● Source material
+===+

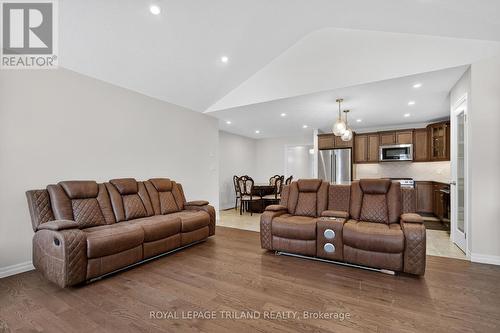 64 Ambrosia Path, St. Thomas, ON - Indoor Photo Showing Living Room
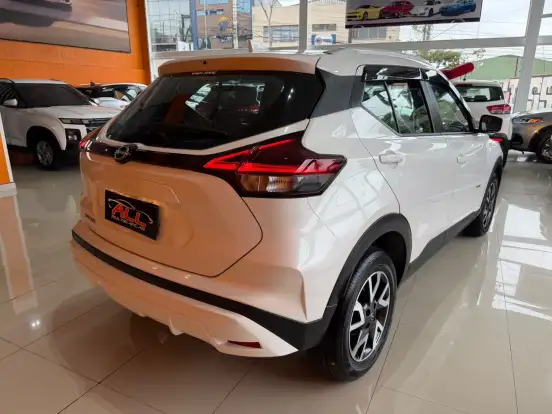 NISSAN-KICKS-2023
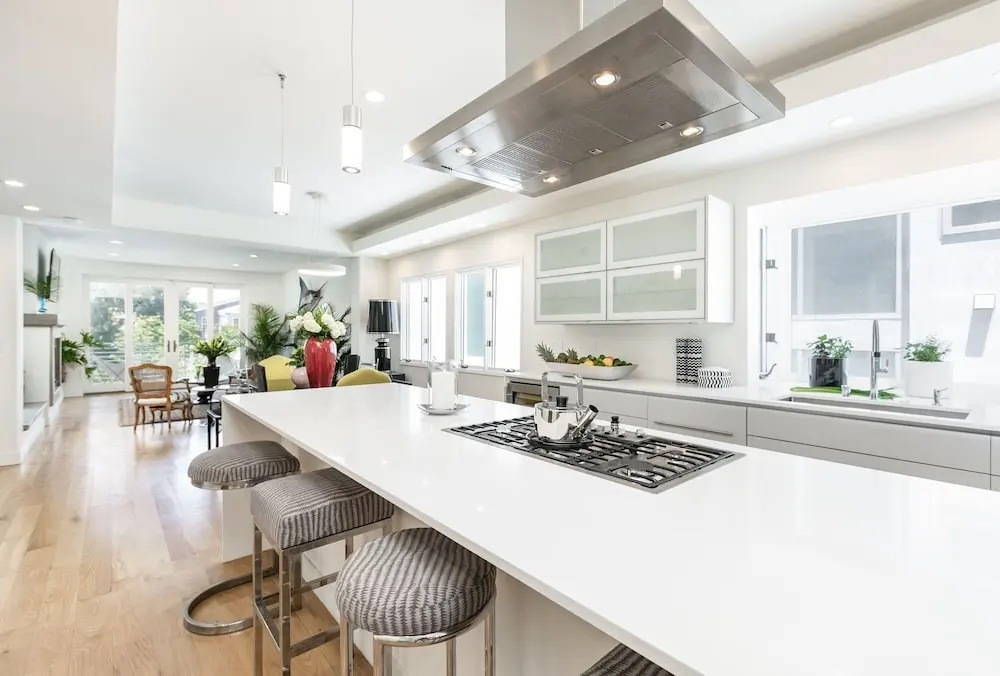 New Listing! Venice Canal-front W/ Pool, Near Beach 5 Bedroom Home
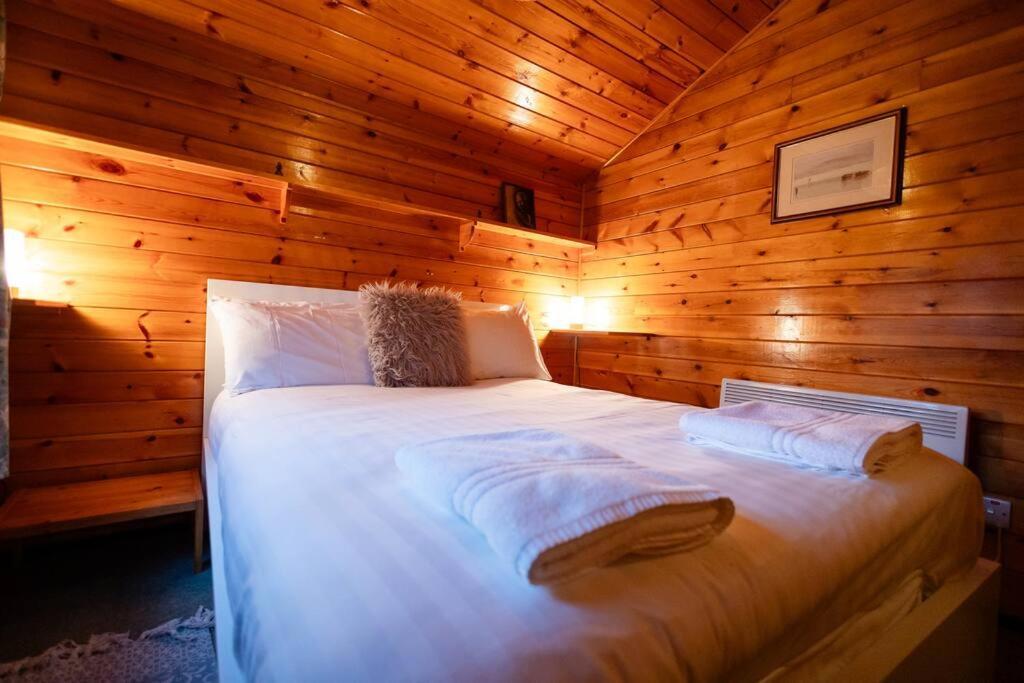 Cozy Norwegian Style Log Cabin In Rural Snowdonia - 2 Bedrooms & Parking By Seren Short Stays Ffestiniog Exteriér fotografie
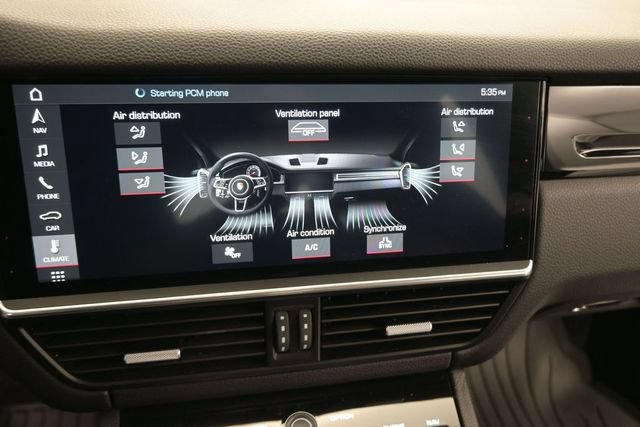 Used 2020 Porsche Cayenne AWD/4WD image 10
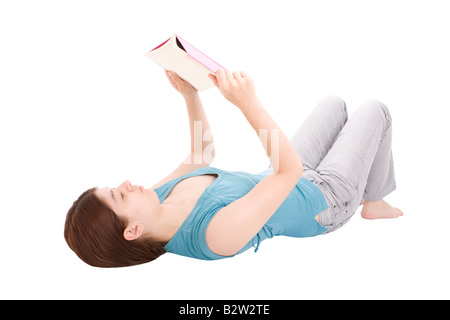 Young woman reading book isolé sur fond blanc Banque D'Images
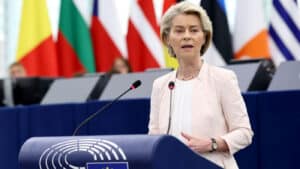 Von der Leyen quer trabalhar com os EUA para uma solução de paz na Ucrânia&nbsp;
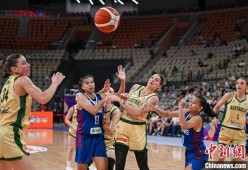 乐竟体育入口-澳大利亚女篮实现五连胜,莫泰约尔成为全队得分王(澳大利亚男子游泳队)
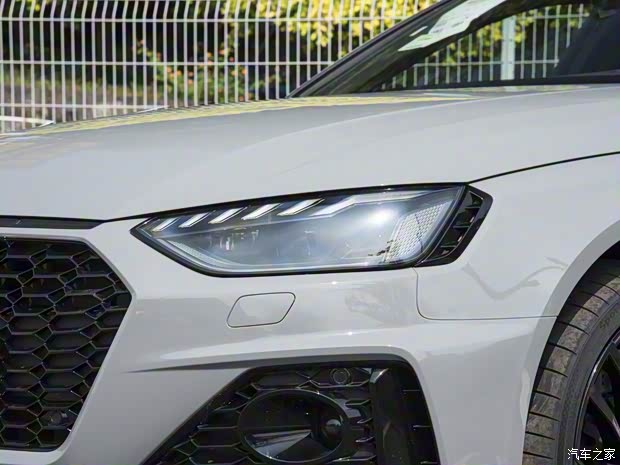 Audi Sport 奧迪RS 4 2023款 RS4 Avant 黑曜版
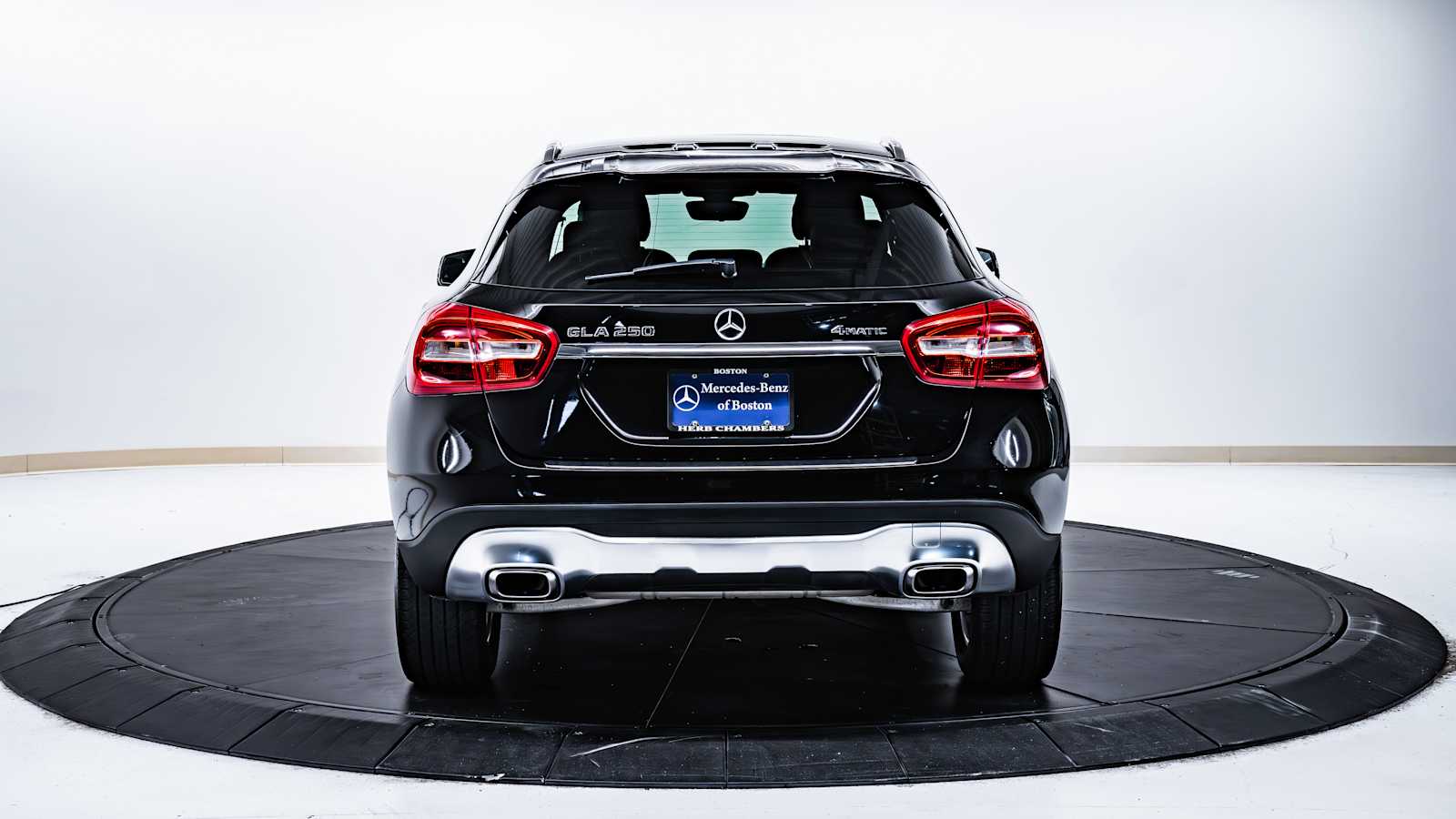 used 2018 Mercedes-Benz GLA 250 car, priced at $17,398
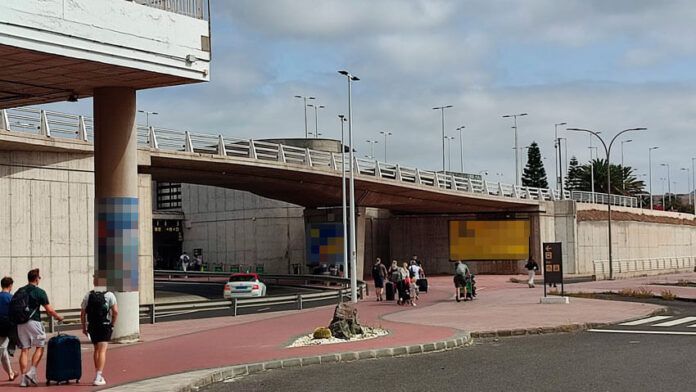 Noticias | La FCM solicita la retirada de anuncios publicitarios instalados en la zona exterior del aeropuerto César Manrique-Lanzarote
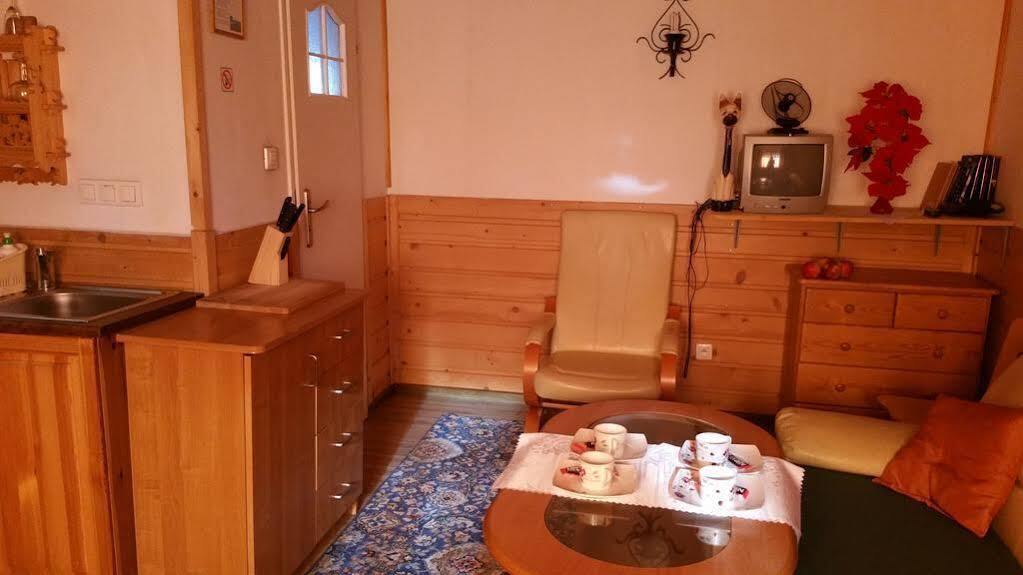 Camping Harenda Pokoje Goscinne I Domki زاكوباني المظهر الخارجي الصورة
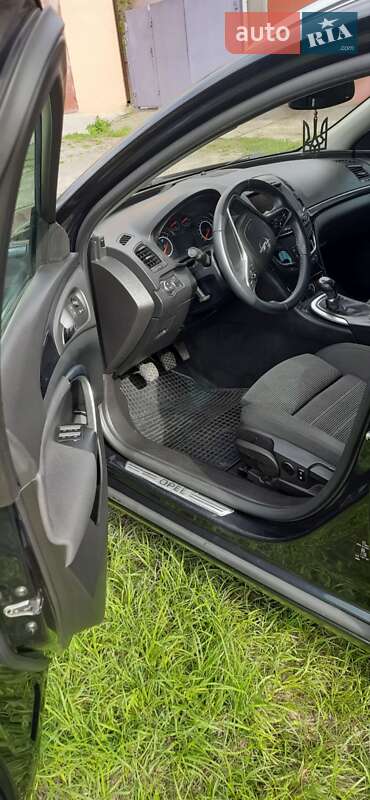 Універсал Opel Insignia 2014 в Києві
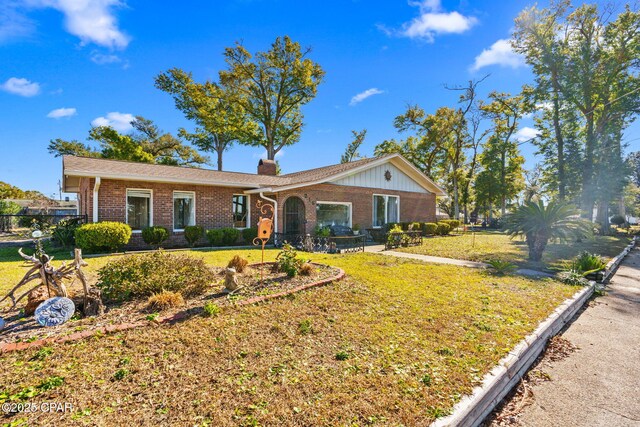 single story home with a front lawn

+===+

● What you need to do
Retyped exactly, the lines from the one holding "New Listing! Venice" through the last line of the data above are the whole answer. Pictures stay out.

● Written solution
 New Listing! Venice Canal-front W/ Pool, Near Beach 5 Bedroom Home
 Cozy Norwegian Style Log Cabin In Rural Snowdonia - 2 Bedrooms & Parking By Seren Short Stays Ffestiniog Exteriér fotografie
 Used 2020 Porsche Cayenne AWD/4WD image 10
 Young woman reading book isolé sur fond blanc Banque D'Images
 Von der Leyen quer trabalhar com os EUA para uma solução de paz na Ucrânia&nbsp;
 乐竟体育入口-澳大利亚女篮实现五连胜,莫泰约尔成为全队得分王(澳大利亚男子游泳队)
 Audi Sport 奧迪RS 4 2023款 RS4 Avant 黑曜版
 used 2018 Mercedes-Benz GLA 250 car, priced at $17,398
 Noticias | La FCM solicita la retirada de anuncios publicitarios instalados en la zona exterior del aeropuerto César Manrique-Lanzarote
 Camping Harenda Pokoje Goscinne I Domki زاكوباني المظهر الخارجي الصورة
 Універсал Opel Insignia 2014 в Києві
 single story home with a front lawn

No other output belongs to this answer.